Thanks for good pushback! Thinking about it more, I want to propose a 2-step model, where first, there are social dynamics arising from non-social causes, and then second, those social dynamics themselves become part of the environment in which they operate. (I’ve suggested similar 2-step models in Social status part 1 vs part 2, or Theory of Laughter §4.2.4.)
Step 1: social dynamics from non-social causes: Things can seem good or bad for lots of non-social reasons. Let’s say, Alice prefers the taste of pizza, her sister Beth prefers sushi, and their parents have to pick just one.
Here, Beth’s preference for sushi is directly making Alice’s life worse—Beth’s advocacy is increasing the chance that Alice will have an less-pleasant night.
Thanks to [some mechanism that I haven’t worked through in detail], if Beth is directly making Alice’s life worse, Alice’s brain moves Beth away from “friend” and towards “enemy” in terms of the “innate friend (+) vs enemy (–) parameter” in Alice’s brain. In the limit, Alice will start relating to Beth with visible anger, reflective of “schadenfreude reward” and “provocation reward”, as opposed to “sympathy reward” or “approval reward”. And punishing Beth naturally comes out of that.
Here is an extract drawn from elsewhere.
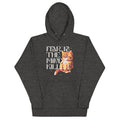 Fear Is The Mind Killer Cat Unisex Hoodie product image 1
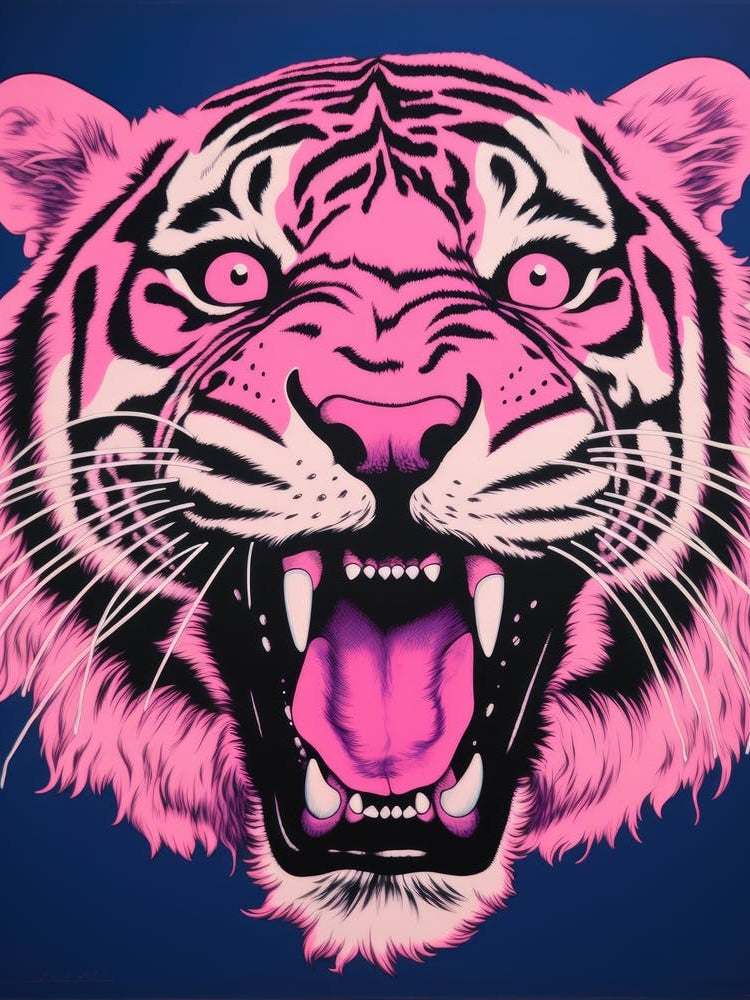 Pink Tiger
Step 2: those social dynamics themselves become part of the terrain: Everyone looks around and notices the following:
There’s a class of behaviors like “Alice is treating Beth as an enemy”, including anger and schadenfreude and provocation and punishment, and this behavior is reliably correlated with “Beth is doing something that Alice sees as bad”.
We all get used to that pattern, and use it as a signal to draw inferences about people.
OK, new scene. Carol deeply admires Doris. And Doris really likes X for whatever reason (where X = honesty, loyalty, baggy jeans, who knows). If Carol does X, then Carol is creating an association in Doris’s mind between herself and X. And this seems good to Carol—it makes her feel Approval Reward.
But also, if Ella is doing not-X, and Carol gets angry at Ella (starts treating her as an enemy, which includes schadenfreude and provocation and thus punishment), then Carol is slotting herself into that very common social pattern I described above. So if Doris sees this behavior, Doris’s mind will naturally infer that Carol is very pro-X. And Carol in turn fully expects Doris to make this inference. And this seems good to Carol—it makes her feel Approval Reward. So in sum, from Carol’s perspective, the idea of getting angry at Ella seems good.
Then the last step is motivated reasoning etc., by which Carol might wield attention-control to actually summon up anger towards Ella in her own mind. But maybe that last step is optional? I think Carol may sometimes feel like the right thing to do is to do the kinds of things that she would do if she were angry at Ella, even if she doesn’t really feel much actual anger towards Ella in the moment.
…
Aren’t these two things contradictory? Sorry if I’m confused.